Epitope-anchored contrastive transfer learning for paired CD8+ T Cell receptor-antigen Rrcognition

Project description

EPACT: Epitope-anchored Contrastive Transfer Learning for Paired CD8+ T Cell Receptor-antigen Recognition

This repository contains the source code for the paper Epitope-anchored contrastive transfer learning for paired CD8 T cell receptor-antigen recognition.

model

EPACT is developed by a divide-and-conquer paradigm that combines pre-training on TCR or pMHC data and transfer learning to predict TCR$\alpha\beta$-pMHC binding specificity and interaction conformation via epitope-anchored contrastive learning.

Colab Notebook Open In Colab

Installation

  1. Clone the repository.

    git clone https://github.com/zhangyumeng1sjtu/EPACT.git
    
  2. Create a virtual environment by conda.

    conda create -n EPACT_env python=3.10.12
    conda activate EPACT_env
    
  3. Download PyTorch>=2.0.1, which is compatible with your CUDA version and other Python packages.

    conda install pytorch==2.0.1 pytorch-cuda=11.7 -c pytorch -c nvidia # for CUDA 11.7
    pip install -r requirements.txt
    

Data and model checkpoints

The following data and model checkpoints are available at Zenodo.
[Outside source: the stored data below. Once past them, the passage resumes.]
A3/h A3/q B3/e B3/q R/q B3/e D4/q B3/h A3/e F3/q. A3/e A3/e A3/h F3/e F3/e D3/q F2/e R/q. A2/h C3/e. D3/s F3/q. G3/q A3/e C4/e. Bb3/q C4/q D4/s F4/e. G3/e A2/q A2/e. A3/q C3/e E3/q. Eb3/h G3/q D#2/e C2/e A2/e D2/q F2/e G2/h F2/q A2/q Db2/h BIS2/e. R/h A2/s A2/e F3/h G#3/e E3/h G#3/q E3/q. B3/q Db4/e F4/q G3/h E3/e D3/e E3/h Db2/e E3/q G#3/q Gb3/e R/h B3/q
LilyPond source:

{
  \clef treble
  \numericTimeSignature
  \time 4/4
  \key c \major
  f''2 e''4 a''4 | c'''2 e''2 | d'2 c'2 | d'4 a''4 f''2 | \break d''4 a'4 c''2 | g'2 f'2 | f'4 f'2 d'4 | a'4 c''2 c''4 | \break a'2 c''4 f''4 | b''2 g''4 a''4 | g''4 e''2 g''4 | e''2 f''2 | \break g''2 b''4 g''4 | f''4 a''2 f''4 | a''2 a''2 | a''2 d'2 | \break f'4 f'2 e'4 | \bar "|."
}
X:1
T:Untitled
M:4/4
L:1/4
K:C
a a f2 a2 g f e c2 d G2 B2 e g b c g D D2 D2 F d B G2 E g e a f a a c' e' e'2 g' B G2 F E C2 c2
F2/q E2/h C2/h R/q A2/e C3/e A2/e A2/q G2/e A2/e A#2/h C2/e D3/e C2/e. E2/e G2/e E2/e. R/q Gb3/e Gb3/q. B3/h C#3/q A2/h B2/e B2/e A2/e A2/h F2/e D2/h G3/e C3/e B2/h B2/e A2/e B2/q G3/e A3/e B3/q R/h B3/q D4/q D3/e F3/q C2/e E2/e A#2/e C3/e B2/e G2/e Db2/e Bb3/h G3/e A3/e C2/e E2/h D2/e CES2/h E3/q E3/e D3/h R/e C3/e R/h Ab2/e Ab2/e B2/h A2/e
  • data/binding: binding data between paired TCR$\alpha\beta$ and pMHC derived from IEDB, VDJdb, McPAS, TBAdb, 10X, and Francis et al.
  • data/pretrained: human peptides from IEDB, human CD8+ TCRs from 10X Genomics Datasets and STAPLER, peptide-MHC-I binding affinity data from NetMHCpan4.1, and peptide-MHC-I eluted ligand data from BigMHC.
  • data/structure: Crystal structures of TCR-pMHC protein complexes in STCRDab. Distance matrices were calculated according to the closest distance between heavy atoms from two amino acid residues.
  • checkpoints/paired-cdr3-pmhc-binding: model checkpoints for predicting TCR$\alpha\beta$-pMHC binding specificity from CDR3 sequences.
  • checkpoints/paired-cdr123-pmhc-binding: model checkpoints for predicting TCR$\alpha\beta$-pMHC binding specificity from CDR1, CDR2, and CDR3 sequences.
  • checkpoints/paired-cdr123-pmhc-interaction: model checkpoints for predicting CDR-epitope residue-level distance matrix and contact sites.
  • checkpoints/pretrained: model checkpoints for pre-trained language model of TCRs and peptides, and peptide-MHC models (binding affinity & eluted ligand).

Usage

1. Pre-training

  • Pre-train peptide and TCR$\alpha\beta$ language models.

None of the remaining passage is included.